OS X does not require a separate disk image for each machine. The minimal hardware diversity combined with a far more effective way of creating a consistent install, allows a single disk image to be deployed to every machine, regardless of age (within limits – the major Intel transition is a break from the older PPC world, but not a problem with new installs anymore).
As far as licensing, compare a Dell Server with a similarly configured XServe. The XServe hardware is cheaper than the same Dell, AND, when you add in all the Windows CALS licenses, an XServe is a fraction of the cost of the Dell.
And this is acquisition costs!! Life cycle maintenance costs on OS X are 20% or so of Windows, so the required IT support staff is greatly reduced.
The big issue with migrating from Windows is a massively proprietary nature of the Windows environment; each and every Microsoft product stores YOUR data in proprietary formats that are not easily transferred to non-Microsoft solutions, intact. Microsoft products are engineered in such a way, that if you buy into one product, if you want to extend that functionality, it has to be with another Microsoft product; the interfaces and data formats are al closed, so they hold your data hostage, and as a result, create massive cost barriers to migration.

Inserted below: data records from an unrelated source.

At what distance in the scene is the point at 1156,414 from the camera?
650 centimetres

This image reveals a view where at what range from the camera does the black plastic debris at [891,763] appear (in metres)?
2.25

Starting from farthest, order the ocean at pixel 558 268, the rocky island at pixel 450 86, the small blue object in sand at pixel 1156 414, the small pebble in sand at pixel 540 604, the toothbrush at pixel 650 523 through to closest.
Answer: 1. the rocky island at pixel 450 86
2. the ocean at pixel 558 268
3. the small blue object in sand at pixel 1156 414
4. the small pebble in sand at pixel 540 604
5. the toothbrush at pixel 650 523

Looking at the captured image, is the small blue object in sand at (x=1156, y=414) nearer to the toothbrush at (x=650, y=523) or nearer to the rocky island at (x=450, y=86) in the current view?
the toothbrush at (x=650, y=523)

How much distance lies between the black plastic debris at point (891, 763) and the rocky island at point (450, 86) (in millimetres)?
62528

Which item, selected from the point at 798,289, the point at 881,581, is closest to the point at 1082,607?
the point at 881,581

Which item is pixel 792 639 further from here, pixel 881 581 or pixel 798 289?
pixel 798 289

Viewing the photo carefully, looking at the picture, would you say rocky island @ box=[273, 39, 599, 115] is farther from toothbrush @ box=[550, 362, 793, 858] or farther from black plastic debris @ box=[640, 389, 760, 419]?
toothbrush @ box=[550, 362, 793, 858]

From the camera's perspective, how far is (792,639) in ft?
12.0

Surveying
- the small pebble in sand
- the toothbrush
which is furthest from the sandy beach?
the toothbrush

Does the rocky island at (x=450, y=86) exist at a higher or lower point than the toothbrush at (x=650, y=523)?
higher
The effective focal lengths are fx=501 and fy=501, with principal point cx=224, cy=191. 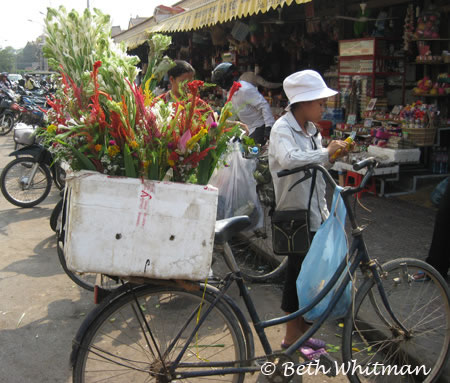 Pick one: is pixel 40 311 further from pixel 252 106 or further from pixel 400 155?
pixel 400 155

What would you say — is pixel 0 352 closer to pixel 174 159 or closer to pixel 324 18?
pixel 174 159

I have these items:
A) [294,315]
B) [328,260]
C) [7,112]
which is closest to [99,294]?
[294,315]

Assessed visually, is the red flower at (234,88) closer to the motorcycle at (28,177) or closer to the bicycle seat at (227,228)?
the bicycle seat at (227,228)

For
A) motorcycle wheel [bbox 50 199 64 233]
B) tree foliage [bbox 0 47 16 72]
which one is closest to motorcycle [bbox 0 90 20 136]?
motorcycle wheel [bbox 50 199 64 233]

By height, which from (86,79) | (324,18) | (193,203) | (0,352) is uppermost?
(324,18)

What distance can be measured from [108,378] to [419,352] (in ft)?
5.96

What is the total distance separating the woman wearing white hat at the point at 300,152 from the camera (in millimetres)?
2832

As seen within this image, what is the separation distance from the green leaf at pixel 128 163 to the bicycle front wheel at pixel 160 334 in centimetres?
53

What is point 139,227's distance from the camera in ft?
7.16

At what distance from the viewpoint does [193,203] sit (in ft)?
7.23

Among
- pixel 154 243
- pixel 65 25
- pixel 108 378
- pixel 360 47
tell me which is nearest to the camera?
pixel 154 243

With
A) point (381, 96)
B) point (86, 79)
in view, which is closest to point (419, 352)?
point (86, 79)

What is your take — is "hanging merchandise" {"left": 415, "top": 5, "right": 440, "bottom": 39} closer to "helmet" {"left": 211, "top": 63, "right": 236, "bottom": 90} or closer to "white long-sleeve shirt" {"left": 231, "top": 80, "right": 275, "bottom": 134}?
"white long-sleeve shirt" {"left": 231, "top": 80, "right": 275, "bottom": 134}

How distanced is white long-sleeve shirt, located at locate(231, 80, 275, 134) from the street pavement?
1.65 meters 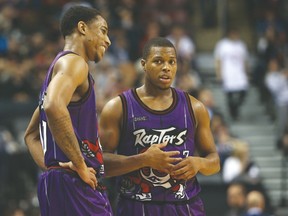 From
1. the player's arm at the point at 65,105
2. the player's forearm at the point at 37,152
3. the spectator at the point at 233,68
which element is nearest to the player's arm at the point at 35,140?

Virtually every Apple product either stores the data in an open, published format, or provides extensive capability to move that data into non-proprietary formats.
Apple is willing to compete on capabilities; Microsoft knows they could not compete in that arena, and locks up the data formats, making migration costly.
Well put Kirk.
One of the big reasons we are making the shift to OS X is exactly that reason: we can create standard versions of our Foliovision bundle to clone out to new Mac Minis as we acquire them. At each stage modifying the image is not difficult.
hi there you are right about apple mac ox vs windows windows wants infint operating sytems with infint licencess verses the mac ox you got the mac ox and the mac ox server then the iphone os too for the cellular phone iphones and dont forget sun os linux be os sony play station os nintendo wii or dsi xbox os comadore 64 had zero os why cant microsoft have just one os with one licencess like apple or linus or be os
I read this article and the comments, and I have to say that it would not surprise me if Microsoft finds itself out of business one day in the future.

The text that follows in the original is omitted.